Ubuntu18.04 - qemu patch to align memory to allow 2MB THP

Bug #1781526 reported by bugproxy on 2018-07-13
8
This bug affects 1 person
Affects Status Importance Assigned to Milestone
The Ubuntu-power-systems project
Medium
Unassigned
qemu (Ubuntu)
Medium
Unassigned
Bionic
Medium
Unassigned

Bug Description

[Impact]

 * Memory on ppc64el was only aligned at pagesize, but for THP to benefit
   aligning on 2MB would be beneficial for translations (performance)

[Test Case]

 * It was reported that running specjbb2005 in guests on a P9 system can
   gain up to 10% performance. Therefore running that with a guest that
   workload (guest pinned, THP set to always) would be the test that shall
   be done (on a non shared performance capable machine). IBM committed to
   verify the PPA and eventually the SRU with such a setup (or
   comparable).

[Fix]

 * Backport https://git.qemu.org/?p=qemu.git;a=commit;h=0c1272cc7c72dfe0ef66be8f283cf67c74b58586

[Regression Potential]

 * It adds a PPC64 check for the alignment, that does not change any other
   architectures (unless this one line change is wrong). The change runs
   fine in later versions and is requested by IBM owning the ppc64el arch.
   The effect should be just some speedup by THP being able to pick up
   some more memory. As we have seen (comment #8) side effects are
   possible, but all that are known are sorted out now.

[Other Info]

 * This was postponed for a while as the change would have made another
   issue more likely. But that is now fixed (in the kernel), so we can go
   on.

--- original bug ---

== Comment: #0 - JENIFER HOPPER <email address hidden> - 2018-07-12 11:41:50 ==

---Problem Description---
We would like to request the following simple qemu patch be applied because it can provide significant performance improvements for Power9 KVM guests that benefit from 2MB THP usage:

commit 0c1272cc7c72dfe0ef66be8f283cf67c74b58586
osdep: powerpc64 align memory to allow 2MB radix THP page tables

This allows KVM with the Book3S radix MMU mode to take advantage of
THP and install larger pages in the partition scope page tables (the
host translation).

--

For instance, when THP is enabled I measured a 10% throughput improvement with this patch for a full system P9 Radix guest running the SPECjbb2005 workload.

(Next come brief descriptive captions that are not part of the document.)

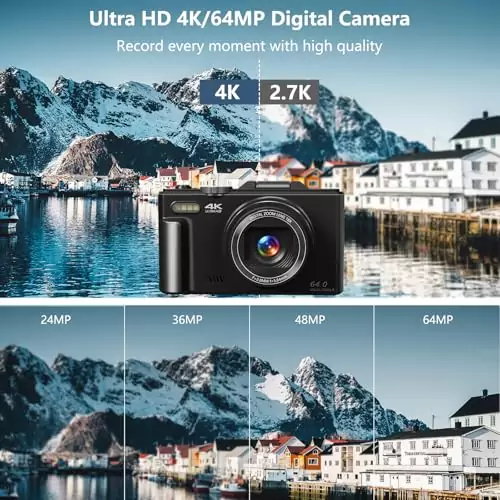 4K vlogging camera with flip screen and 18x zoom, ideal for educators and creative digital photography enthusiasts seeking high-quality visuals.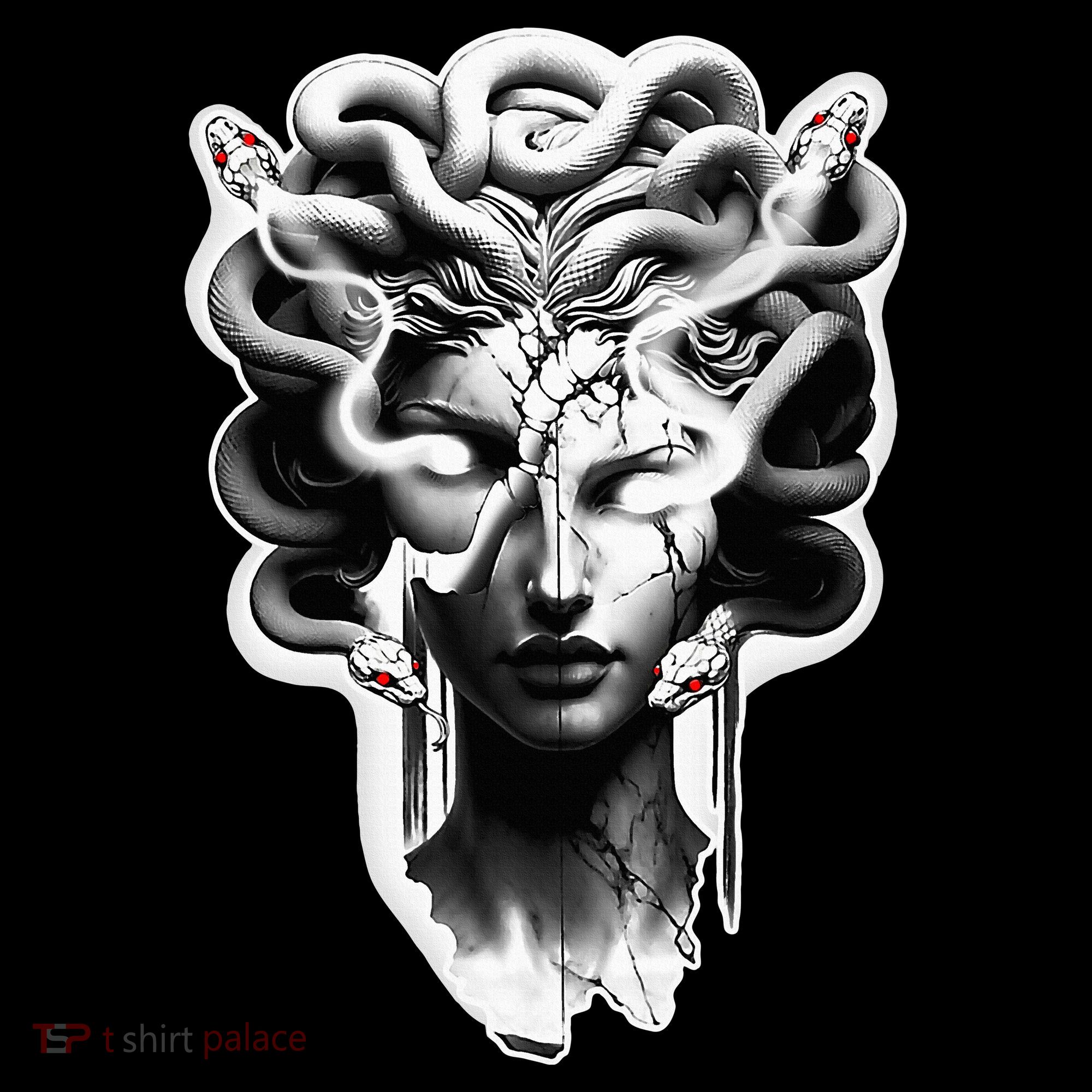 Medusa Statue Snakes Greek Mythology T-Shirt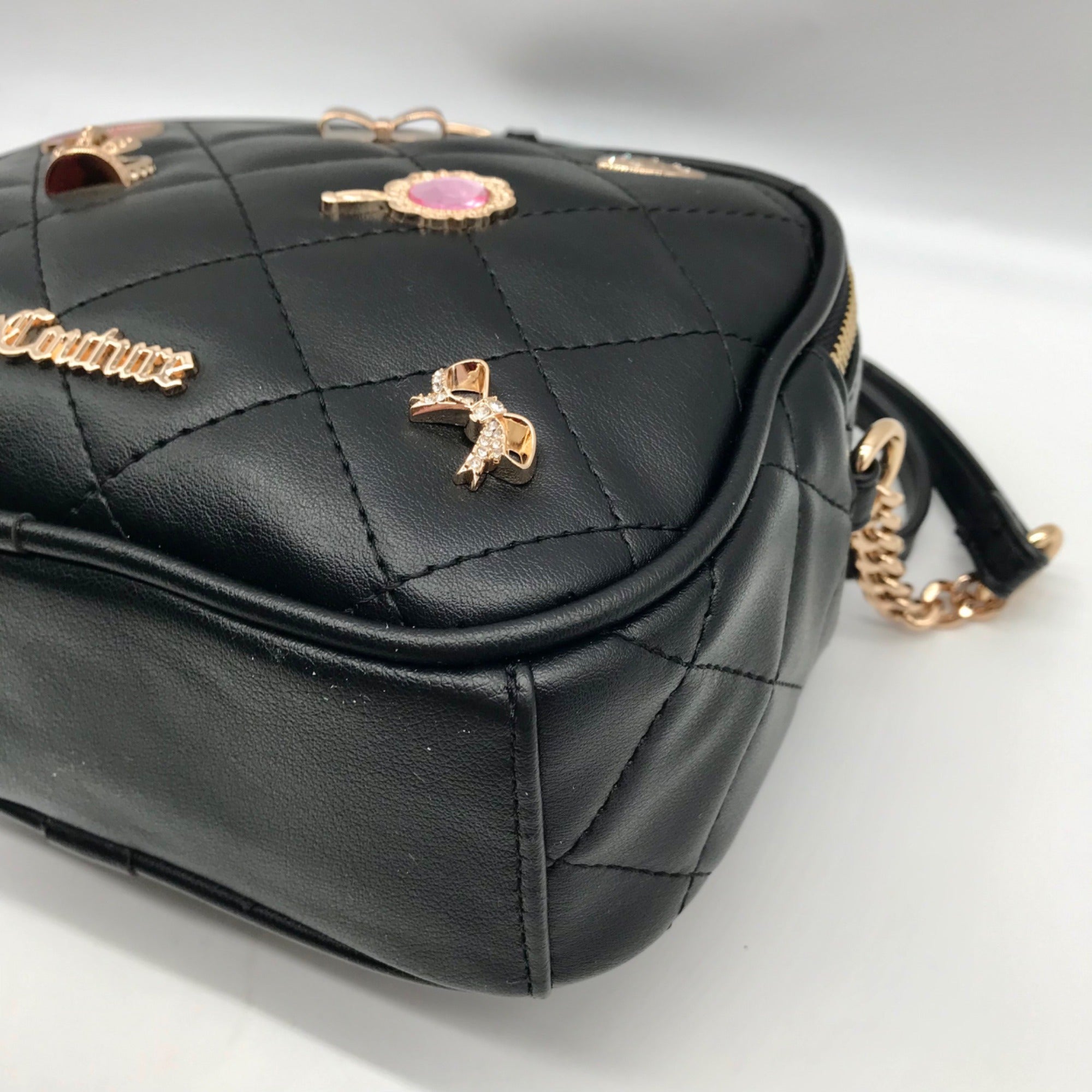 Juicy Couture Black Quilted Juicy Girl Only Camera Crossbody Bag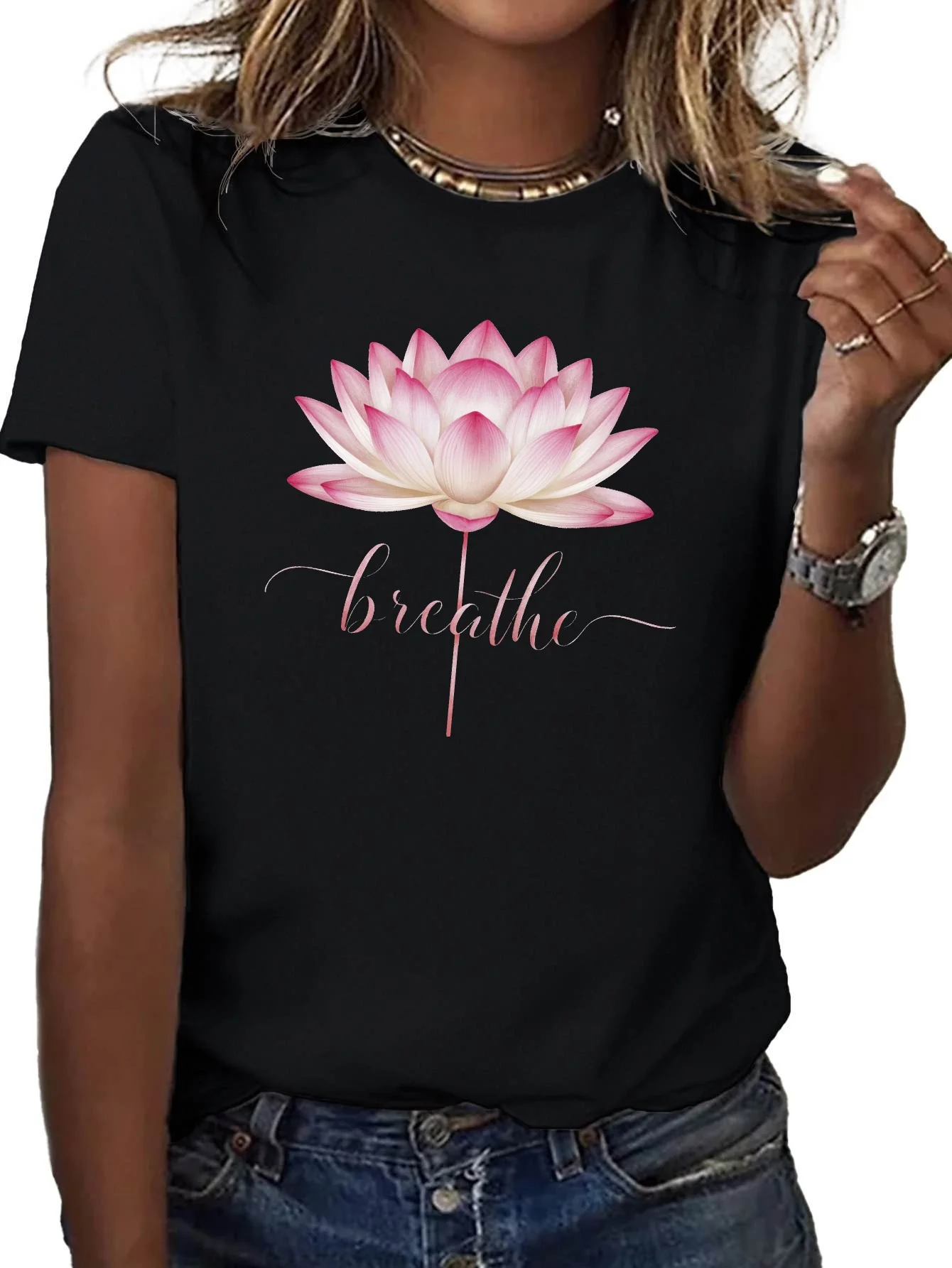 lotus Breathe pure cotton women's T-shirt Comfort Fit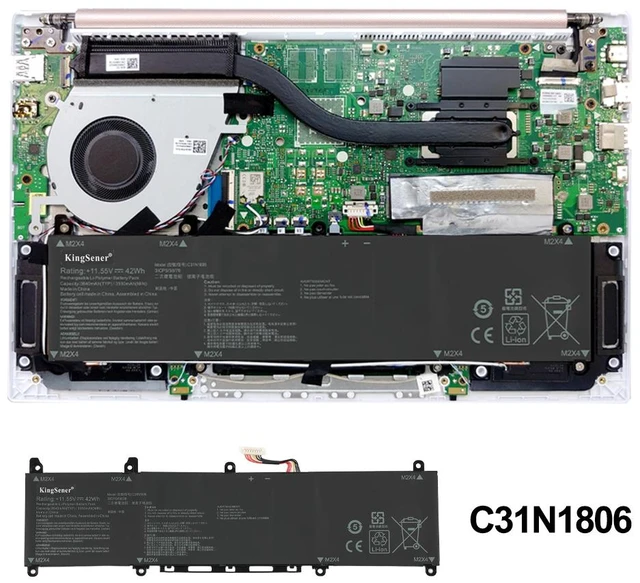 Alt view image 7 of 7 - KingSener C31N1806 Laptop Battery For Asus VivoBook S330F S330UA X330FA X330FL X330UA K330FA R330UN 42Wh/3640mAh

Contact Information = <email address hidden>

---uname output---
Linux perfwsp6 4.15.0-20-generic #21-Ubuntu SMP Tue Apr 24 06:14:44 UTC 2018 ppc64le ppc64le ppc64le GNU/Linux

Machine Type = 8335-GTH

---Debugger---
A debugger is not configured

---Steps to Reproduce---
 Run a workload that benefits from THP usage in a P9 KVM guest.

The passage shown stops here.